I’m currently racing through the British countryside on a fast train en route to Liverpool with my good friends Hermitude and our production manager Luke Snarl. We’re here because Hermitude have been invited to showcase at The Great Escape Festival in Brighton as well as Liverpool Soundcity. There’s also a headline London show and a gig in Berlin plus a stack of meetings for me, their manager.
Yesterday was a blur that started at 3am in Sydney and finished in London after a long haul flight. We prepaid $987 of additional luggage and found out we only needed a third of it when we checked in.
Once on the flight I employed my zen mind control to avoid getting up even once in the 14 fucking hours to Dubai. I was seated in the middle but that doesn’t explain me suspending normality. After a refresh at Dubai airport I preceded to achieve the exact same feat on the 7 ½ hours to London. I’m a robot.
After 25 hours in the air we’re to expect massive delays at customs says the inflight news.
We settled into London with a kebab and realised our imminent departure to Liverpool was in question due to invalid train tickets (wrong name, wrong credit card). We could replace them but it’d cost $600. Fortunately, and just as we almost coughed up over the phone, I took a chance on talking to the train staff at the station. We were in luck and all it cost me was an £8 bunch of roses.
Liverpool! I’d never thought of it as a destination but it’s a beautiful old town and every cabbie lined up a Lime St Station looked like an ageing football hooligan. At this stage the EPL title was in their grasp and I’d counted at least four separate panels at this music conference that were either partly or solely focused on football. One of them basically a rundown of the current season.
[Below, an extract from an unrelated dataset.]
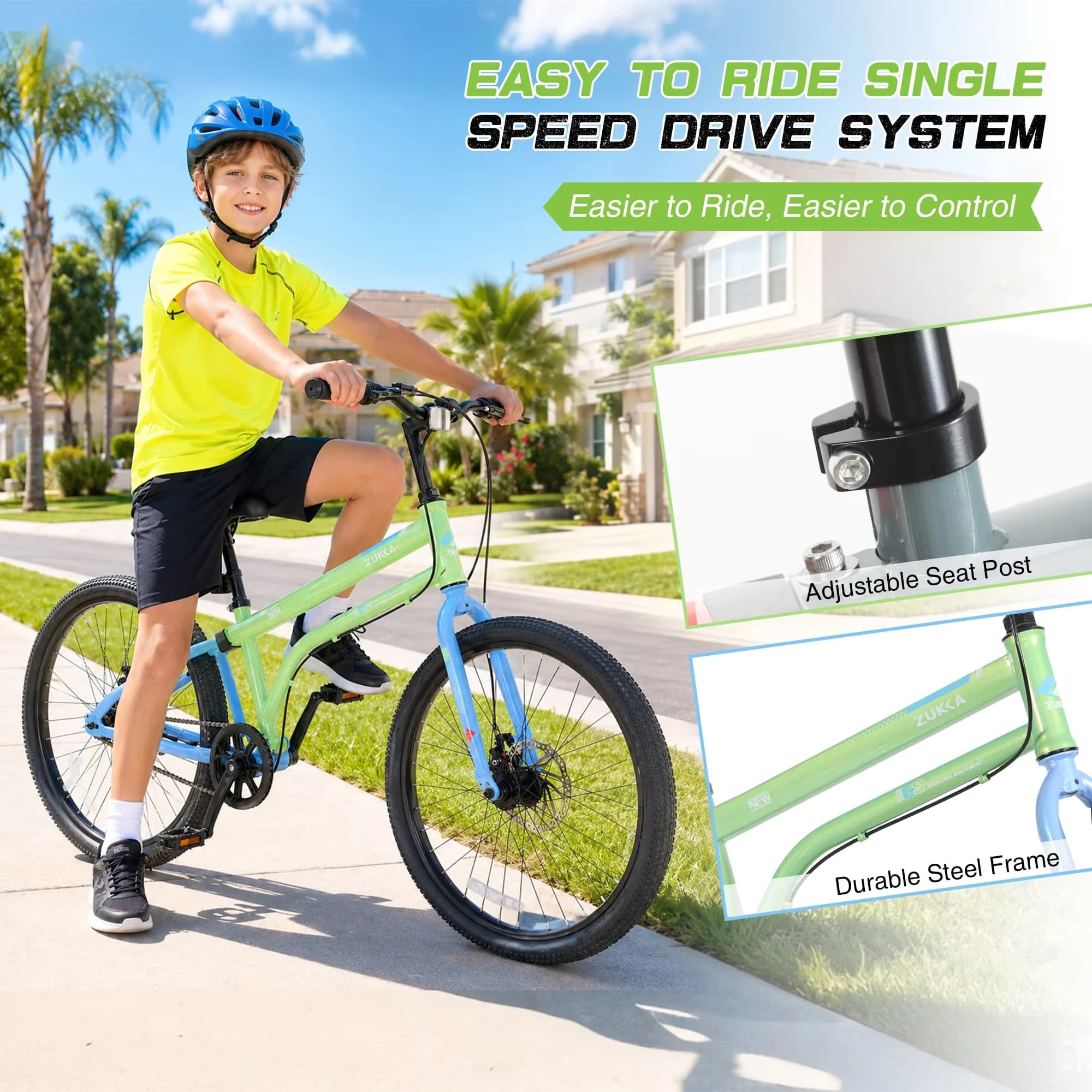 Versatile Road Bike with 24-Inch Wheels & 2.125" Tires - Blue 24 Inch - Contemporary Style Model 5764C2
Ken Dodd looks on dubiously at Hermitude.
The extroverted Liverpudlian accent sprang up from all directions and I love it. The accent has an upward inflection that feels like the curling tone of a question embedded in general conversation: as if stowed away in the wrong sentence. We wander along cobblestone streets and drink pints and lousy coffee. At £2.40 each, the mixed bag of coffees are almost $5 a cup. My
habitual love addiction will bite me over and over on this trip.
The best talk I saw at Soundcity was given by Thurston Moore who made some interesting points about his journey from coming up in the ’80s to dealing with modern technology.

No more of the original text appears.